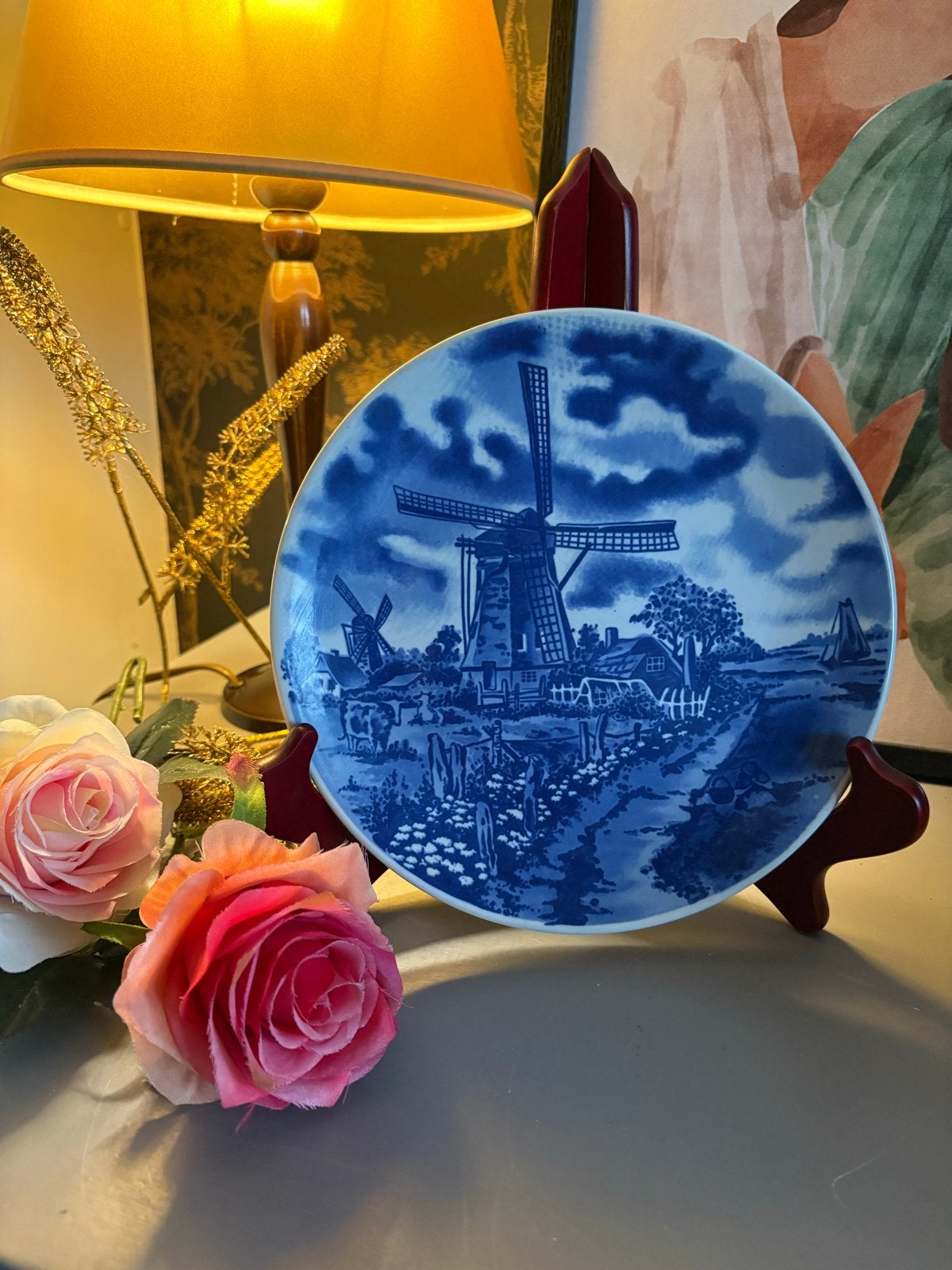 Delfts Blauw Sierbord met Hollandse Molen en Landschap, Ophalen of Verzenden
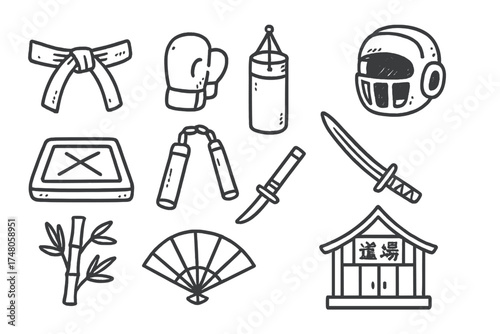 Martial Arts Icons. Martial arts doodle icon set: hand drawn icons of karate belt, gloves, punching bag, helmet, mat, nunchaku,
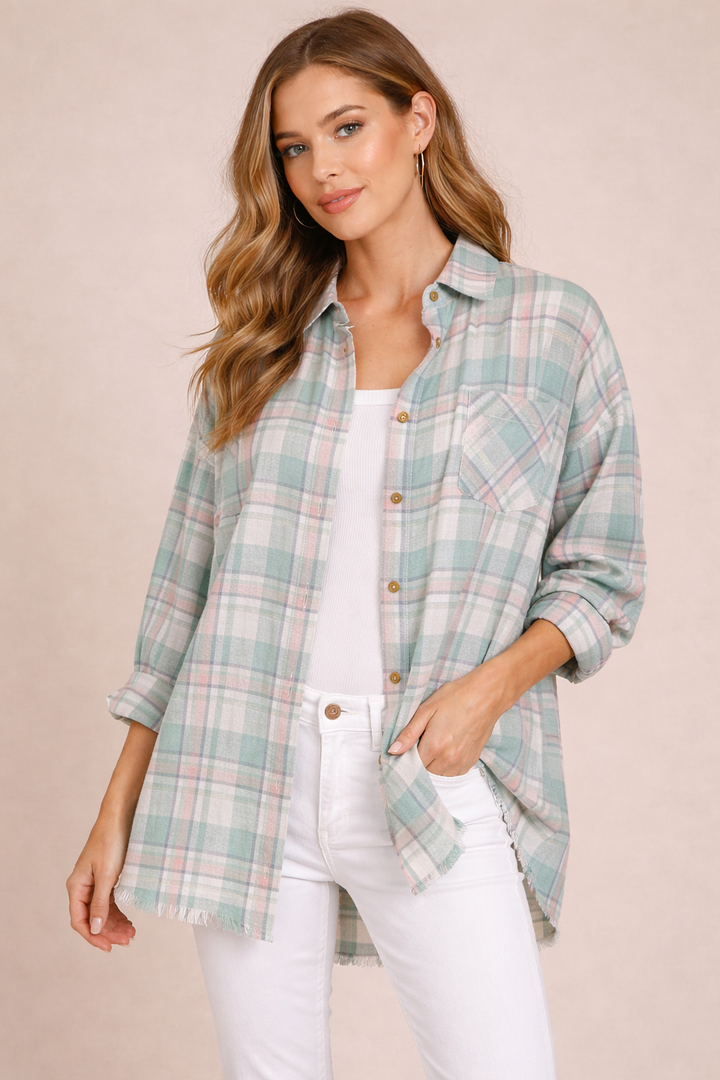 Plaid Button Down Collared Shirt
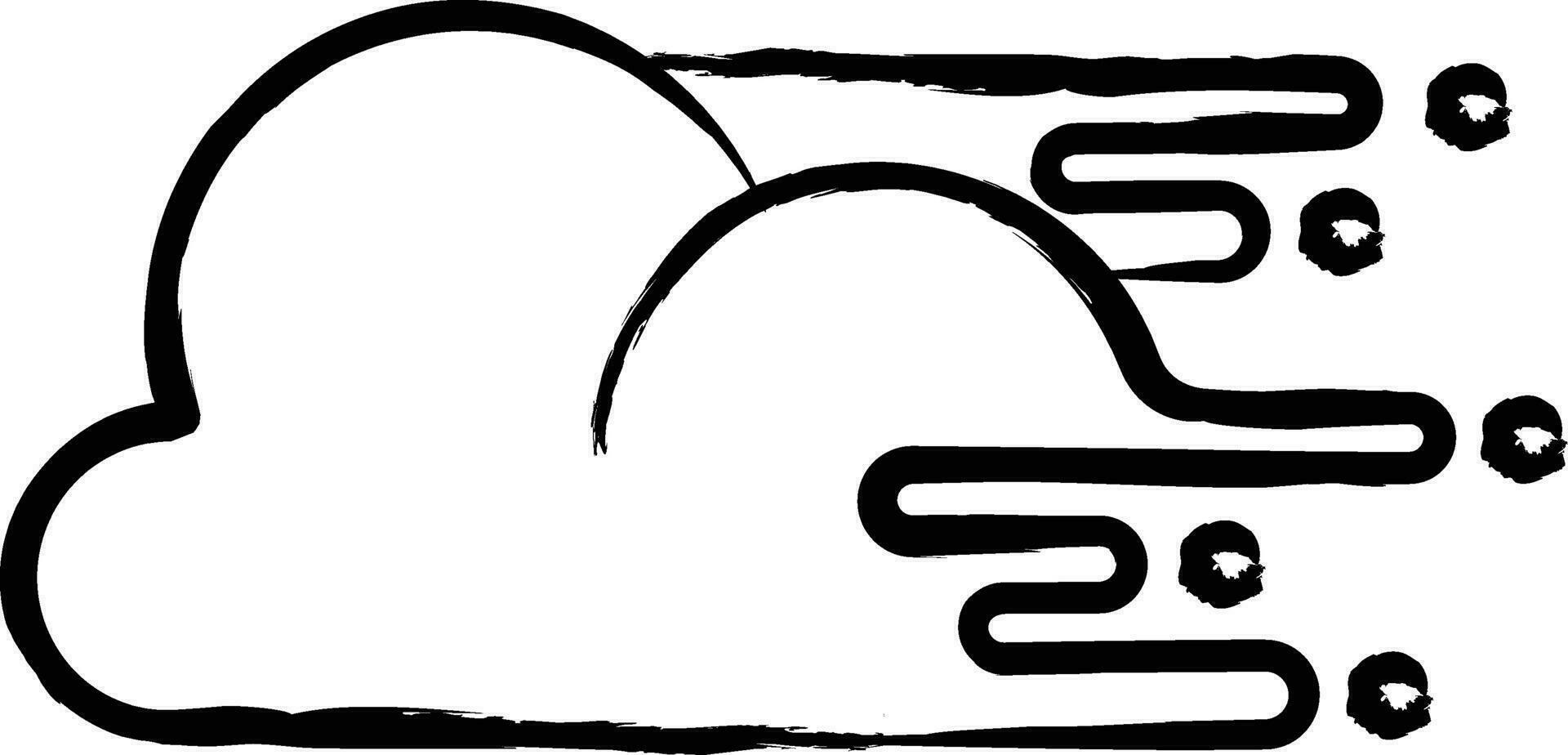 Moving cloud hand drawn vector illustration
※ ※ ※
● What this task involves
With the pictures omitted, the material is to be transcribed exactly.

● Response to the exercise
 Delfts Blauw Sierbord met Hollandse Molen en Landschap, Ophalen of Verzenden
 Martial Arts Icons. Martial arts doodle icon set: hand drawn icons of karate belt, gloves, punching bag, helmet, mat, nunchaku,
 Plaid Button Down Collared Shirt
 Moving cloud hand drawn vector illustration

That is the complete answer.